You Might Have to Love This Guy *

* But hopefully not. Barry Bonds swings through Seattle on his way to immortality of some sort.

In astronomy, you have the asteroid belt. The science of baseball has an asterisk belt. Baseball’s belt is populated by inflated bodies orbiting near Jovian home-run immortals: Aaron, Ruth, and Mays. The largest asterisk, of course, belongs to Barry Bonds*. During the recent weekend, the dubious luminary of the San Francisco Giants became the greatest local baseball draw since Rafael Palmeiro* came to Safeco Field last July to register his 3,000th career hit in front of appreciative Mariners fans. Ordinarily, the Palmeiro* accomplishment*, along with the feats* of Sammy Sosa* and Mark McGwire*, would be sufficient to earn unchallenged entry into that heavenly destination in Cooperstown, N.Y. Pending proof of steroid use, however, Bonds* et al. might be spending record-book eternity consigned to a purgatory of punctuated shame.

During the M’s Friday-Sunday three-game sweep of the Giants, June 16-18, the controversy enveloping Bonds was scarcely acknowledged by deferential TV and radio announcers. In the third inning of the first game, without even citing Bloated Barry’s alleged transgressions, M’s lead announcer Dave Niehaus and color man (if gray is a color) Dave Valle mused briefly and inconclusively about how historians might assess the left-fielder.

Not facing up to inconvenient truth has become patently American. For example, many would just as soon move on than, say, question whether recent presidential elections were stolen or WMD existed or Major League Baseball players unfairly inflated their bodies and stats.

I witnessed this process of mass delusion in May, when I sat in the right-field bleachers of San Francisco’s AT&T Park. My son and his buddies were overheard by one of Bonds’ myriad adoring Bay Area apologists questioning the integrity of Bonds’ home-run total, which had reached 713*. Ironically, Bonds had been on the field before the game to help fete a consensus greatest-ever player (and, pathetically, Bonds’ nominal godfather), Willie Mays, whose natural-skills heroics were being recalled on his 70th birthday. In any case, the guy in the bleachers insisted that the doubters lay off Bonds, which only emboldened my son and his friends to amplify the razz.

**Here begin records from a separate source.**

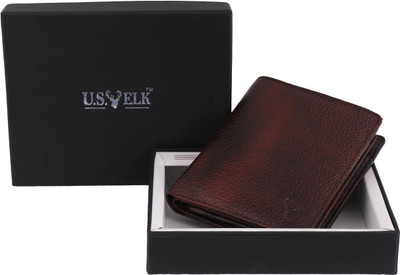 

U.S.ELK Men Formal Brown Genuine Leather Wallet(6 Card Slots)
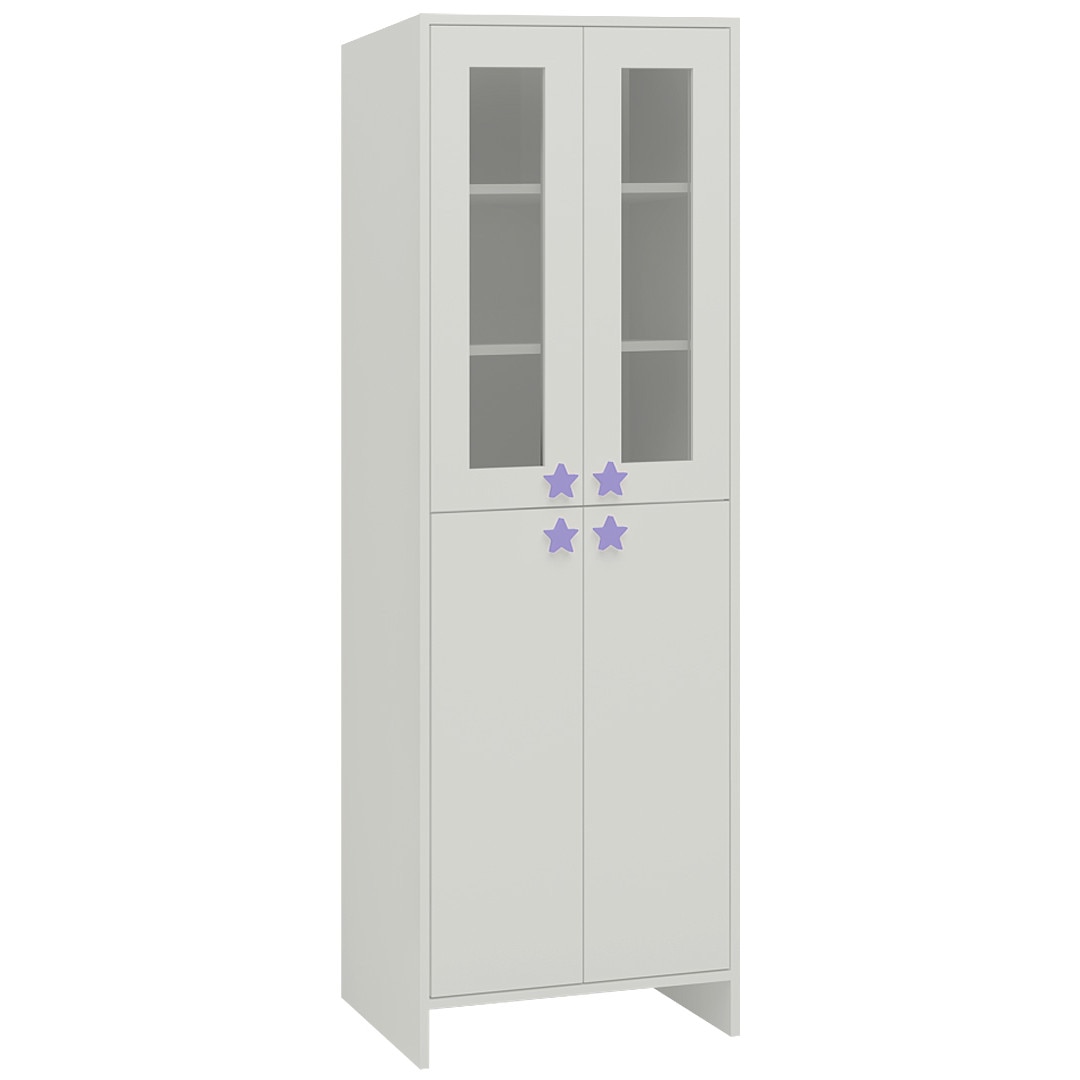 Renata Large Bookshelf cum Storage Cabinet with Toughened Glass Doors and Star Shaped Knobs in Ivory Persian Lilac Colour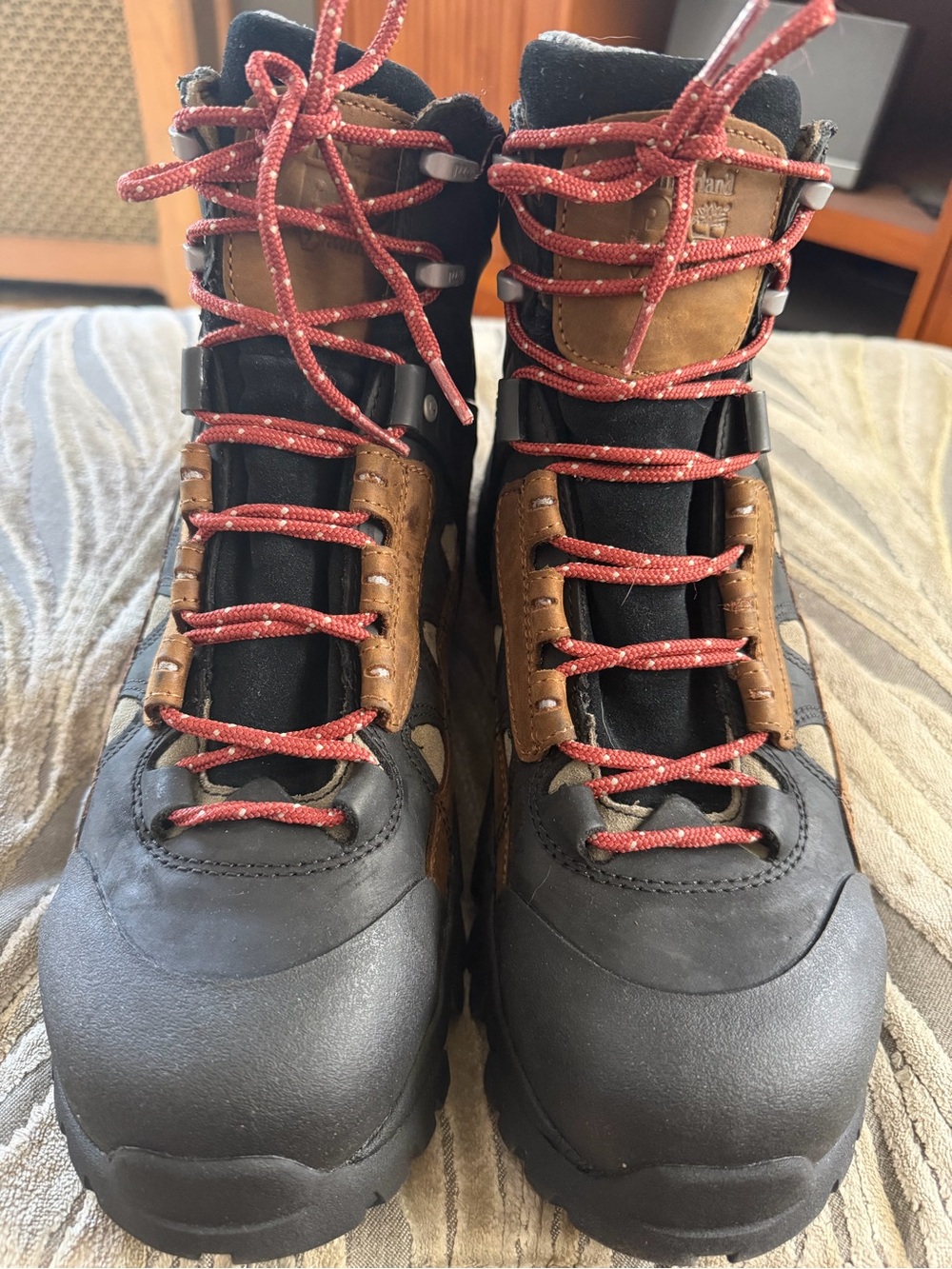 Timberland Brown and Black Work Boots with Red Lace Accents 13w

In Seattle, the locals dutifully booed Bonds. Some fans even Bronx-cheered while witnessing the luminary’s 718th* homer Friday night. Later, Buff Barry also took a called third strike in the ninth to give the M’s the victory. Reactions seemed to contradict any notion that Bonds would be a good pickup to play DH here next year. Surely there couldn’t have been anyone older than 3 at Safeco who hadn’t heard that Bonds and others face serious allegations that they took performance-enhancing drugs. Bonds is being investigated at the behest of big-league baseball by George Mitchell, the former U.S. Senate majority leader. Many believe that, when the truth is known about the steroid era, a generation of baseball players will be tainted.

But the Bonds charade proceeds through major-league cities as the arthritic star limps and grimaces toward eclipsing Hank Aaron’s 755-home-run record. During interviews, Bonds insists that he’s become oblivious to adverse fan reactions. Maybe he’s figured out how to filter the jeers and just hear the cheers, of which there actually were some from the season-best weekend crowds. In a more discerning America, cheering would be reserved for efforts such as Saturday’s into-the-crowd catches by Federal Way native Travis Ishikawa, the Giants’ first-baseman. Also worthy of applause was Bonds whiffing in the sixth Sunday on a Jamie Moyer molasses fastball.

Seattle team officials, meanwhile, may not have cheered Bonds but they sure couldn’t complain. After all, he might be an astronomical fraud, but he sure sells a ****load of tickets.